Found an embarrassing text on live-art broadcasting I wrote 10 years ago: Stream? (2011). At the time we were attempting to build a collective channel for streaming culture events live. It was called CEL and we, the T.E.H.D.A.S organization, made broadcasts four to eight times a year. The regular events were PERFO performance nights from Tampere which managed to develop an audience and we also made annual multichannel streams from PERF festivals, Pori. All of the streams are archived in the Pori Art Museum in the D-ark archive (I don’t think they are accessible online currently). Our streaming system was advanced, we had multiple cameras and multiple parallel streams. In later phases we also worked with live-text.
I wrote it out of spite towards the national broadcasting company YLE which, at the time, was also experimenting with the late Bambuser streaming service (which we had adopted after Floobs closed in 2010). For us at T.E.H.D.A.S the live broadcasts felt like a lifeline trough which we could reach out to the unknown and to meet new people. For me it felt like the stream helped us to define ourselves and our craft and as YLE started using the same platform, I felt we were being pushed out and wanted to stand our ground.
In my part, live-art streaming culminated in the development of “Perfo-style” event documentations. This is a type of live-blogging which seeks to give an opinionated but sharp analysis of events trough text, which is written and shared live trough an online-writing platform. For me the most relevant experiment with this was a Perfo-event in 2012 which was documented simultaneously as text and a video-stream (using two feeds). The text part: perfo_raportti_29_5_2012_to_pdf.pdf is still available online (in Finnish) and the same text was later published in English in the T.E.H.D.A.S ry 10 year celebration book (my review on the book in Finnish).
The Stream? text is very coarse. It is arrogant at parts, even misinformed but feels sincere – Written before my MA degree. I think the best part of the text is the celebration of glitch esthetics in relation to live-streaming. I copied some relevant quotes below
… there are already so many cameras at live-art events that the illusion that things are live has been shattered. Performers work for the camera and this shapes the nature on performance art. It is only honest to admit that artist produce “images using their bodies” precisely because they want to look good in still photos which will later on to be posted on facebook, catalogues and portfolios. There is nothing wrong with this it is just that we have become so skilled in posing that our skills have turned against the nature of live-art. Artist are more concerned with the documentation then of the audience. …
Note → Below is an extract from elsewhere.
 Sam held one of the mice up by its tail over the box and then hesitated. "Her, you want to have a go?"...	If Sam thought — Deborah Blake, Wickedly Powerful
With this in mind I think we should force ourselves to think critically on how to document performance art. Digital cameras have been capable to produce near same quality images for ten years now and it is impossible to determine from which era still photos are from. The gruesome reality is that they all look the same and the only way you may see time passing is when you recognize a particular artists aging. Try something different. There are bound to be art students with strong live drawing backgrounds in the audience, why not apply their skills for documenting the event or audio recordings, 3D animation etc etc.
Live streaming is a great tool to hinge performers out of their comfort zone. Every moment of the event is streamed so a performer has to consider all of their actions to be visible. The “money shot logic” of a still image showing the most dramatic sequence of a performance does not apply when the entire event with it’s preparations, audience reactions is also shown. The presence of “the internet audience” superimposes the artists a feeling that audiences which they are unable to control will evaluate their gestures critically. The stream embodies the idea of the other. An artist is pointed by a camera which streams events for unspecified and radically different audiences. A camera streaming online becomes a representative of audiences which you cannot seduce by editing your afterimage. This is a great challenge. If there is to be only one camera at a performance event this camera should be the one broadcasting.
When working with live streams it does not help if the broadcast is streamed trough a 100mb connection as people viewing it will anyways see it compressed and optimized for low bandwidth connections. But I don’t think image quality is a problem. Rough image gives events a sense that they are really live and differentiates us from mainstream medias. If we’d be working to produce HD-quality streams we’d be in the same category as all the other TV channels and if the image quality is close to standardized TV people begin to expect TV like structures from the stream. To replicate such quality is not necessary as we are not orchestrating an event into a studio setting, we are adapting into the site as it changes. The current robust system we have designed can handle changes, mood-swings of performers and surprises during a happening better then conventional TV-broadcasting tools do.
Glitch serves live online events well.
I feel that the liveliness of live events is in the element of danger, non-censuring mistakes made by the performer(s), pushing the camera operator outside her/his comfort zone and working with hazardous technical devices and beta-software. Such explorations inevitably results to glitches. Which is good. Pixelated image stresses the eyes and demands a different logic of viewing. Watching something aesthetically unpleasant forces the viewers to make sense of things them self’s. A “new media gaze” is being crafted. People on computers consume different sorts of media on the screen simultaneously. The textual elements of a performance (placed on the shout box or webpage) might be read during a pause in stream or the viewer might engage in a chat. There is currently no data on how or what people watch during a live stream. The viewer logic is being constructed based on what we offer.